Rule of thumb: enable it whenever your agents/tools descriptions push the system prompt over ~1k tokens or when chains routinely exceed 5 steps.
## Best practices
- **Start `temperature` at `0`.** The protocol is strict; creativity hurts it. Raise only if the final answer needs flair.
- **Lower `maxSteps` aggressively.** The default `50` is a ceiling. Use `10` or less for focused tasks — errors surface faster.
- **Make tool `description`/`input`/`output` LLM-facing, not dev-facing.** These strings ARE the prompt. Specify exact input shape, return shape (JSON? plain text?), and failure modes.
- **Keep tool outputs short.** The full output goes back into the history on the next step. Summarize or truncate oversized payloads (e.g. paginate, return counts + samples).
- **One agent per domain.** Avoid one mega-agent with 30 tools — narrow bundles help the LLM pick correctly.
- **Unique tool tags per agent.** Duplicates across different agents are fine; duplicates inside one agent are a bug.
- **Always handle `status === 'error'`.** Never assume success.
- **For long-running tasks, wire `signal`** (via `AbortController`) to cancellation UI.
- **Use `optionalPrompt` for global constraints.** Output language, forbidden topics, JSON schemas for the final answer, etc.
- **Point `serverUrl` at any OpenAI-compatible endpoint** — don't pull in a second SDK for Anthropic, OpenRouter, Ollama, vLLM, etc.
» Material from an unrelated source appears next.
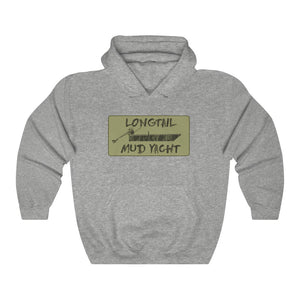 Gray Longtail Camo Hooded Sweatshirt with "Longtail Mud Yacht" graphic featuring a boat.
- **Stream the final answer to UIs with `onToken`** (5th arg), not `logCallback`. `logCallback` is the raw multi-step protocol for debugging; `onToken` is the clean final answer.
## Testing
Inject a mock `LLMService` via `config.llmService` to bypass the real API:
```ts
import { LLMService } from 'braiin/dist/service/llm.service' // internal path
// or re-create the interface locally:
interface MockLLMService {
ask: (sys: string, prompt: string, history: any[]) => Promise<any>
}
const mockLLM: MockLLMService = {
ask: async () => ({
id: 't', object: 'chat.completion', created: 0, model: 'mock',
choices: [{ index: 0, message: { role: 'assistant',
content: '{"action":"finish","answer":"ok"}' }, finish_reason: 'stop' }]
})
}
const o = createOrchestrator([agent], { apiKey: '', llmService: mockLLM as any })
```
Script the `ask` function to return successive JSON responses to drive the chain through every branch you want to test.
## Common pitfalls
- **Tool returns non-string.** `call` must stringify. Returning an object silently breaks the next step's LLM input.
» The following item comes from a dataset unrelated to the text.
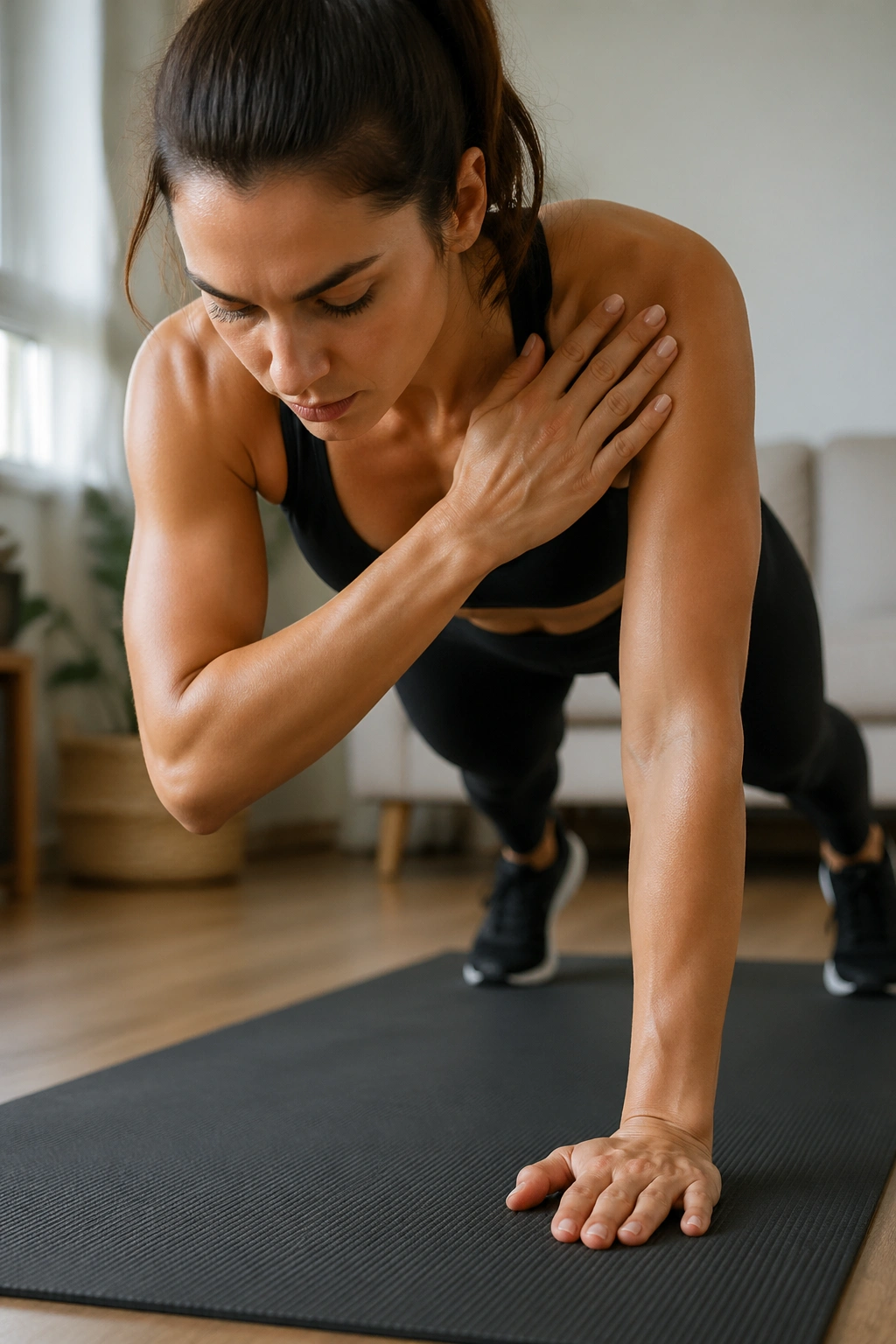 Close-up of a person performing plank shoulder taps to stabilize the core in a home gym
- **Tool description written for humans.** The LLM needs imperative schemas, not marketing copy.
- **Forgetting `status` check.** Errors surface in `answer`, not via `throw`.
- **Very long tool outputs.** They compound across steps and blow up token bills. Summarize.
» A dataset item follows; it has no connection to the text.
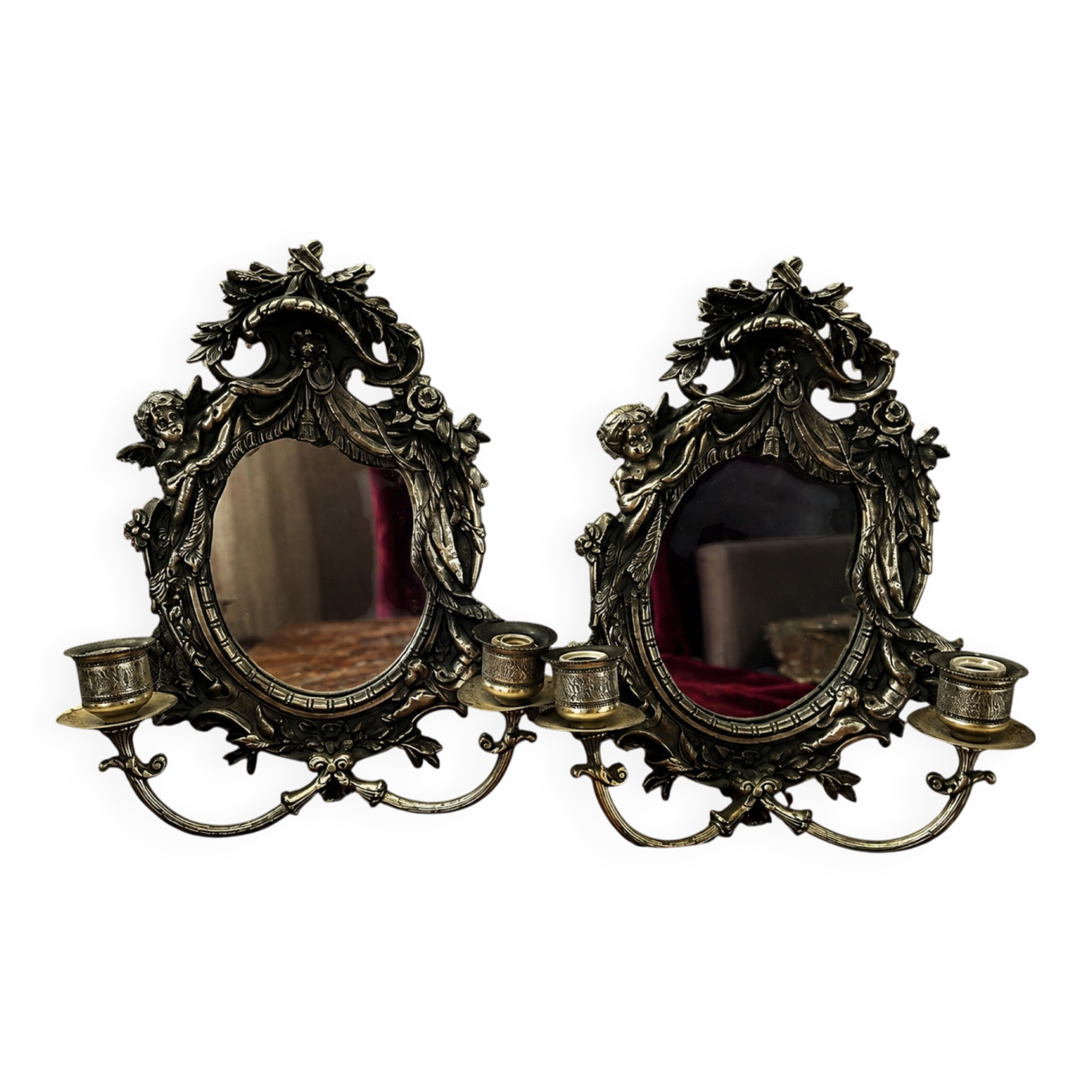 Rare pair of mirror sconces with putti. Napoleon III / Art Nouveau ~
- **Setting `temperature > 0.3`.** The protocol breaks quickly as temperature rises.
- **Passing `history` when you meant `toolTraces`.** Remember the signature: `executeTask(prompt, history?, toolTraces?, logCallback?, onToken?)`.
- **Confusing the two callbacks.** `logCallback` (4th) streams the raw JSON of *every* step; `onToken` (5th) streams *only* the clean final answer. For a chat UI you want `onToken`.
- **Expecting a clean answer stream from `logCallback`.** It emits the whole protocol (describe/call/finish), not just the answer — use `onToken` for that.